Seither haben sich die Kompetenzen in der europäischen Energiepolitik zunehmend
hin zu den europäischen Gremien verlagert. Österreich muss deshalb verstärkt
seine Position zum europäischen
Atomausstieg in Brüssel einbringen. Die Verankerung einer generellen
Ministerbindung für den europäischen Atomausstieg in der österreichischen
Verfassung wäre deswegen ein wichtiger Schritt in diese Richtung. Die
Möglichkeit der Ministerbindung im Einzelfall nach §23e reicht hierfür nicht
aus.
Das Ziel des
europäischen Atomausstiegs wäre damit erstmals in einem europäischen
Mitgliedsland im Verfassungsrang verankert. Damit wäre gleichzeitig die
konkrete Einflussmöglichkeit und in groben Zügen die Politik der
österreichischen Regierung im europäischen Rat und den Fachministerräten
festgelegt. Österreich sollte dort wo es möglich ist, Politiken unterstützen,
die dem Ziel des europaweiten Atomausstiegs dienen, Vorreiter einer
europaweiten Allianz der atomkritischen Staaten werden.

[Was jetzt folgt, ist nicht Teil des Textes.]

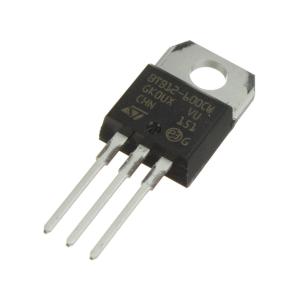 Симистор BTB12-600CWRG TO-220AB STM (12А 600В 35мА 3Q бесснабберный)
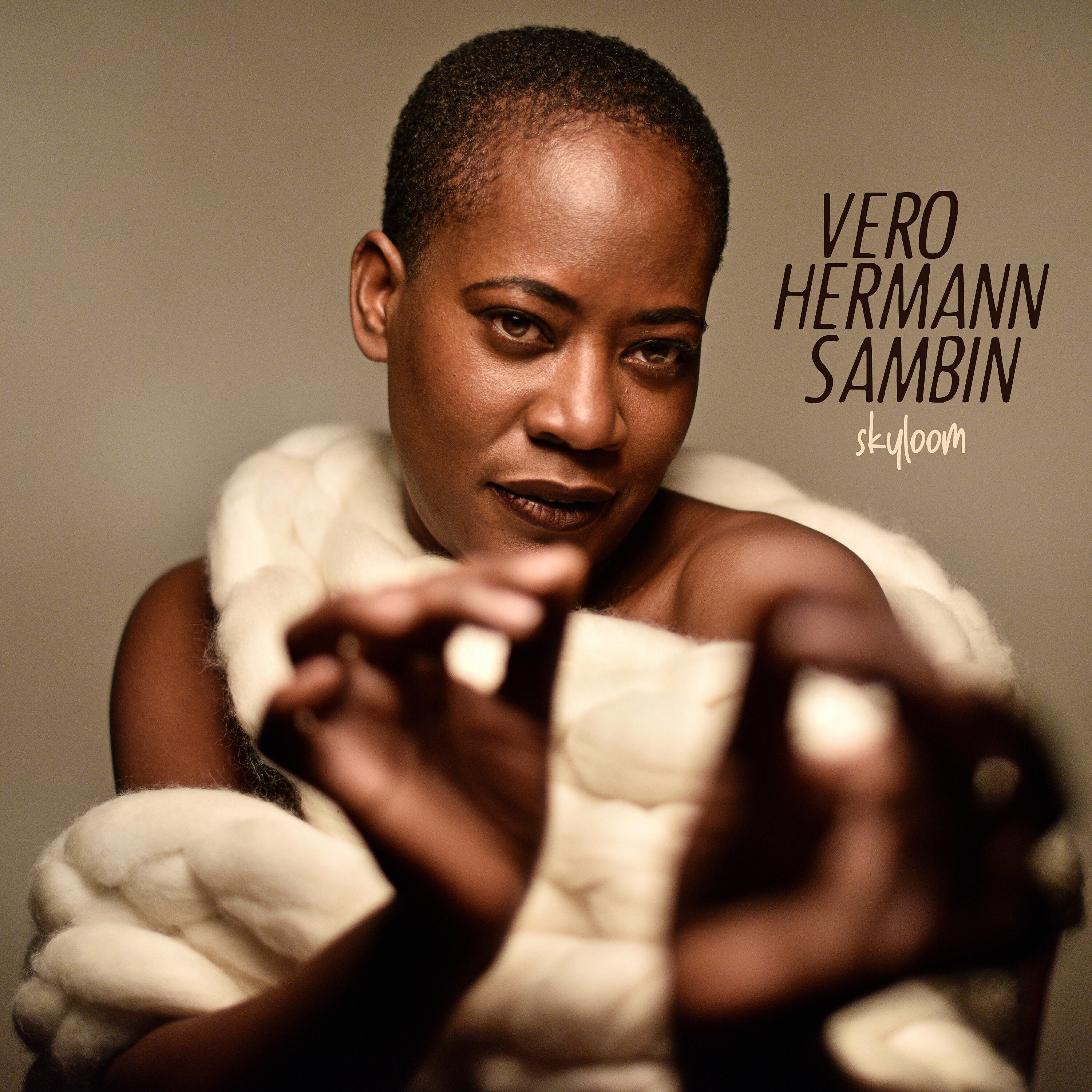 Véro Hermann Sambin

In Bereichen, in denen
nach wie vor Einstimmigkeit herrscht und die in die falsche Richtung gehen, die
Privilegien der Atomwirtschaft fortschreiben oder ausbauen, sollte Österreich
sein Veto einlegen.
Zur Unterstützung
dieses in Europa vorbildhaften Schrittes einer klaren Verankerung eines
europäischen Zieles in der nationalen Verfassung sollten die Österreicher in
Form einer Volksabstimmung ihren Willen Ausdruck verleihen können. Käme
es auch hier zu einem klaren Bekenntnis für diese Ministerbindung zum Zwecke
des europäischen Atomausstieges würde dies die Position Österreichs in Brüssel
stärken. Die Mehrheit der Österreicher hat in Meinungsumfragen diese generelle
Ministerbindung befürwortet. Bei aller berechtigter Skepsis über die
Aussagekraft von Meinungsumfragen muss doch betont werden, dass letztlich nur
eine Volksabstimmung endgültig und verbindlich Klarheit über den Volkswillen in
dieser Frage bringen kann.
Greenpeace hat im
Rahmen des Volksbegehrens für ein atomfreies Europa einen konkreten Vorschlag
gebracht, wie das bestehende Verfassungsgesetz für ein „atomfreies Österreich“
erweitert werden kann, so dass die europäische Komponente mit eingeschlossen
ist (siehe Gesetzestext-Entwurf des Volksbegehrens).
2. Direkte Demokratie
Umwelt-,
Naturschutz, und Tierschutzanliegen sowie die Atomenergie waren immer wieder
Gegenstand von Volksbegehren und einmal im Falle von Zwentendorf auch einer
Volksabstimmung. So wie viele andere Volksbegehren - bisher waren es 30 -
hatten diese kaum unmittelbare Auswirkungen auf die Gesetzgebung. Den Anliegen
wurde kaum legistisch Rechnung getragen. Viele dieser Volksbegehren, so ergaben
Meinungsumfragen, wurden auch durch die Mehrheit der Bevölkerung unterstützt.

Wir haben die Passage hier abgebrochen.